# [Task goal]
Starting at the first line of the listing below and ending at the line with "Magnifique 1br- Champs De Mars", copy each line exactly.

####

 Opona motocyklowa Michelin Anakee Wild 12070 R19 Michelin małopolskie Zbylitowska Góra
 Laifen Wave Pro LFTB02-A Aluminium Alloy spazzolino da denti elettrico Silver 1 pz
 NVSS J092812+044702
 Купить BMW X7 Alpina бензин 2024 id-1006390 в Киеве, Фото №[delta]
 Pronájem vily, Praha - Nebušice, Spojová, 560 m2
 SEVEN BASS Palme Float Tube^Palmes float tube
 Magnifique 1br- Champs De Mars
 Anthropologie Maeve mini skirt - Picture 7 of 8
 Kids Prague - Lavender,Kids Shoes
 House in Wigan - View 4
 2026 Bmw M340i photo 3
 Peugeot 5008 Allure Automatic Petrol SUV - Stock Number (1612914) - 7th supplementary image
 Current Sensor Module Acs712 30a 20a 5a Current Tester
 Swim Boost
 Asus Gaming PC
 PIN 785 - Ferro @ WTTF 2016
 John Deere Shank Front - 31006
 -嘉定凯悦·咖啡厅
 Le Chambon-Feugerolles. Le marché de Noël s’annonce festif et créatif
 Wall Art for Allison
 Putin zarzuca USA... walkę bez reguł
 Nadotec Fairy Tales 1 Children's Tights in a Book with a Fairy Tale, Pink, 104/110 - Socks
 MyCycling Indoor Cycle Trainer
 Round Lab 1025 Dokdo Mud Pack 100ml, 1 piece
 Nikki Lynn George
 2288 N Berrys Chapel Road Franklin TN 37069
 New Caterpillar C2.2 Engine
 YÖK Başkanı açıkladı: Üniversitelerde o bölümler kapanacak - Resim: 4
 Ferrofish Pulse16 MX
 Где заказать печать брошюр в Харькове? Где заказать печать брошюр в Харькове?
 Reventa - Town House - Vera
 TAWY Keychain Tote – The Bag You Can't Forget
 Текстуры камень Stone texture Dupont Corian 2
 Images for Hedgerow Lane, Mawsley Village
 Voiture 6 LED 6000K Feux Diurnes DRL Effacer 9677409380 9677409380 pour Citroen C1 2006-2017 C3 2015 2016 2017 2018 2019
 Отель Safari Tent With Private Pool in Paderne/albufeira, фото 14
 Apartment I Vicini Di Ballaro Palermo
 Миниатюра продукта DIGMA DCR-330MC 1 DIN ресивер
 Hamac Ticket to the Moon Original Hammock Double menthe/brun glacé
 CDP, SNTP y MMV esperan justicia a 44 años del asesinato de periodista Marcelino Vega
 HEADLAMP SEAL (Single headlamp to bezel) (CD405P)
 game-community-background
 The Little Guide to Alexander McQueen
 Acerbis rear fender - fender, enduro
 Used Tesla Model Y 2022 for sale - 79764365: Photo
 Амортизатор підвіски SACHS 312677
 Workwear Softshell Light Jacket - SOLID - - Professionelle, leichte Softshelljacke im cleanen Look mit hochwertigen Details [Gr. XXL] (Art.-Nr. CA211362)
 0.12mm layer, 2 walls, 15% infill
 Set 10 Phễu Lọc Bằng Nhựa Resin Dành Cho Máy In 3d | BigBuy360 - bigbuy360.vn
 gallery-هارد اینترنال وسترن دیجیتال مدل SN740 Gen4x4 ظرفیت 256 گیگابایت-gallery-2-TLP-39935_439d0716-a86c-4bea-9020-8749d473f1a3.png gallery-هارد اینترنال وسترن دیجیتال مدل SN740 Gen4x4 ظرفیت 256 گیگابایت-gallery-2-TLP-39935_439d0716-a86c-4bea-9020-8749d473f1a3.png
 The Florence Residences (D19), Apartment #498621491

####

# [Completed task]
 Opona motocyklowa Michelin Anakee Wild 12070 R19 Michelin małopolskie Zbylitowska Góra
 Laifen Wave Pro LFTB02-A Aluminium Alloy spazzolino da denti elettrico Silver 1 pz
 NVSS J092812+044702
 Купить BMW X7 Alpina бензин 2024 id-1006390 в Киеве, Фото №[delta]
 Pronájem vily, Praha - Nebušice, Spojová, 560 m2
 SEVEN BASS Palme Float Tube^Palmes float tube
 Magnifique 1br- Champs De Mars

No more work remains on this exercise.